I'm not a big extended warranty fan either but when it comes to brand new large purchases such as a trailer or tow vehicle, I want the added insurance that 5, 6, or 7 years down the road it's still gonna work and run like it did when I first bought it. The warranty we got with our trailer was less then 9% of the total purchase price and is transferable if we wish to sell it or we can be refunded a prorated amount. The salesman said we could use the warranty as a deal clincher if we needed to when we sell the TT. If we got what we wanted for it then we didn't have to transfer the warranty and, instead, turn it in for the refund.

Bottom line is, since my Outback is one of my biggest 'investments in recreation', then I want to have a guarantee that I won't have any problems with it for as long as I plan on using it.

Just my $.02 worth.


----------



## Castle Rock Outbackers (Jan 18, 2004)

We purchased our 2004 26 RS in January and declined the extended warranty as well. It was somthing around $1,800 for 7 years. The finance guy must have been used to most people declining. All he did was give me the paper to sign to decline the warrenty. He didn't push it at all. We take very good care of our big purchases, and when you do that, you are generally OK.

Randy


----------



## mejslice (Dec 4, 2003)

I bought a 2003 21 rs used it for a year. we bought the warranty and traded for a 2004 23rs. the warranty that we bought on the 03 was refunded. we didn't get it all but at least we got most of it. The difference in cost was only 100.00from last year to this year. The cost for 2004 was 1398.00. We feel that if something happens down the road a ways it will pay for itself .---------perfect example a guy had his camper, just outside of the factory warranty and lost a fridge and his a/c unit -- both covered under the extended warranty. this was in the FIRST year of the warranty.he still has 6 more years to go Mike


----------



## Y-Guy (Jan 30, 2004)

I opted for the extended coverage. But I learned a few things before I bought it. I did checking on the compnay, many have gone belly up. I also negotiated with the sales staff, not the finance person. You can negotiate, the dealers make a load off the policy, just know who can negotiate and who can't. With the two slide outs I figure the policy is a good idea, time will tell if I need it or not.


----------



## California Jim (Dec 11, 2003)

I passed on it as I usually do on any purchase where one is offered.

My dealer offered this to me for about $1500 for 5 years. With most of the major items in the rig warranted by the manufacturer for 1-2 or even 3 years (fridge), I would then have to spend $1500 in repairs after that to break even. Only then would I begin to save money.

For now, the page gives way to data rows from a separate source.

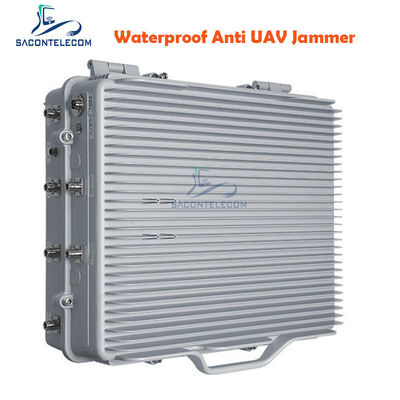 GSM CDMA 1KM سامسونگ سیگنال بدون سرنشین IP65 300w سامسونگ سیگنال ضد UAV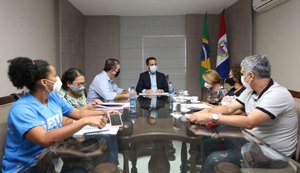 Paulo Dantas recebe Sinteal e discute tramitação do PCS da Educação
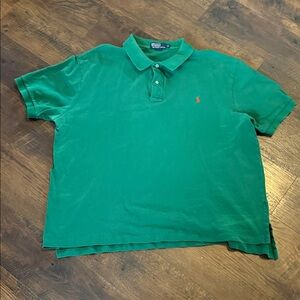 Green Ralph Lauren Polo Shirt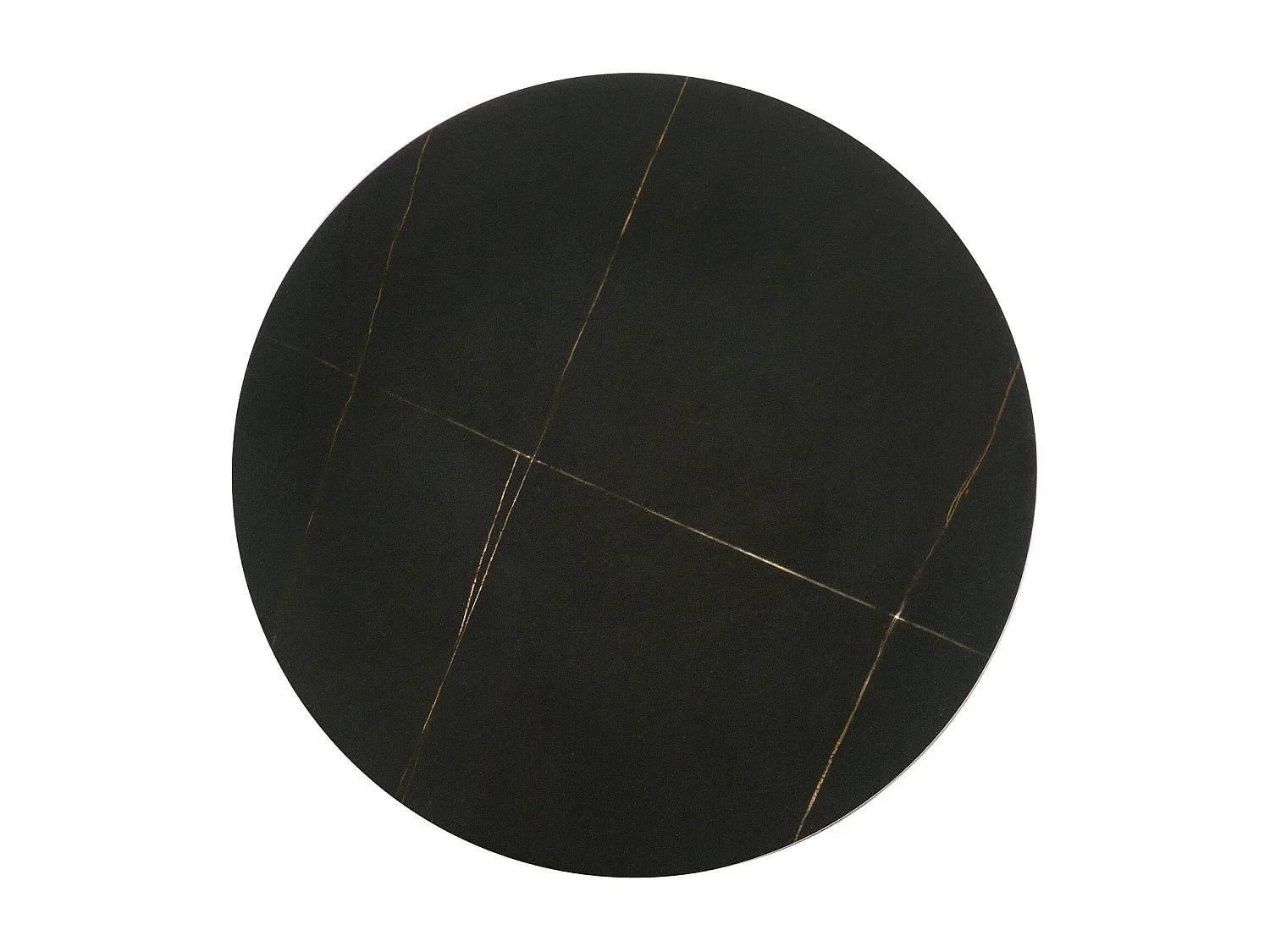 Tavolino Verde/Sinterizzato/Marmo Design/Nero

I'll take my chances which I believe are quite good for the 5 years.


----------



## vern38 (Aug 18, 2003)

We took the extended plan for 7 years at $1800.00. Already got back around $1400.00, those iceboxes and ac units don't come cheap...


----------



## hatcityhosehauler (Feb 13, 2004)

Wow! I am seeing quite a bit higher prices than what I was quoted for a 7 year plan (<$800.00). I am still waiting to hear from the Good Sam Club for a quote. I am also going to contact the dealer and have him send me a copy of what is covered, and under what circumstances. I think he mentioned a $100.00 deductible. I don't know if this is per occurance (likely), per year(slightly possible), or lifetime (unlikely).

Thank you all for your replies.

Vern, How old was the fridge when it went to lunch? What about the A/C? I know that these are both covered by the individual manufactures warranty, and not Keystone's. What went wrong with these units? Is it something we should all be looking for?

Tim


----------



## Y-Guy (Jan 30, 2004)

Tim your price is right in line with what I paid too. Some dealers do a big mark up on them, but as Vern noted a few repairs and its paid for itself too. Its all a toss up.


----------



## vern38 (Aug 18, 2003)

Tim, the fridge was just over 1 year old. The ammonia tank leaked out so they said just replace it. As for the ac it was a very minor thing but the labor to fix it was a little high. There are 3 circuit boards in the AC Unit and on one of them is a fuse holder. The holder was a little loose and the fuse slipped out. The repair man tightened up the holder and everything has been ok since then.


----------



## hatcityhosehauler (Feb 13, 2004)

Vern,

Wow! The ammonia leaked? That is frightening, as that stuff is extremely poisonous. It doesn't take much to put someone on the ground. At least the stuff they use in the bigger refer units is.

I thougth the refer came with a three year warranty? If so, why did you have to use the extended service coverage.

Sorry to blast you with so many questions, but I am still undecided on this whole issue, and as we will be probably closing the deal on Saturday, I need to get as much info as possible to make my decision.

Tim


----------



## Brian (Jan 25, 2004)

Hey Tim, We elected to get the extended warr. The appliances do come with a two year warr but most of us will probably keep these longer. So it's like any insurance policy. Some guys are very mechanical and receive great satisfaction out of maintaining or replacing parts on there trailer. They do things themselves and hopefully the trailer holds up well and they "win". I personally don't feel that I am the best man for the job all the time. I know my limitations. We financed the majority of the trailer so for 10.00 a month I feel it's worth it. 0.00 deductible and 7 years total on trailer. RV Shield is our warr co. My 2 cents.

Monday is the big day. Picken the ole girl up! Stoppin for breakfast. Making a Special Family Day out of it. I'll let you all know how we make out. Brian


----------



## vern38 (Aug 18, 2003)

Tim, sorry for the delay. It's called CYA







I would get the policy. 7 years is a long time...









Good Luck...


----------



## rmayhew (Mar 6, 2004)

Never have, never will, not even on TV's, computers, etc.


----------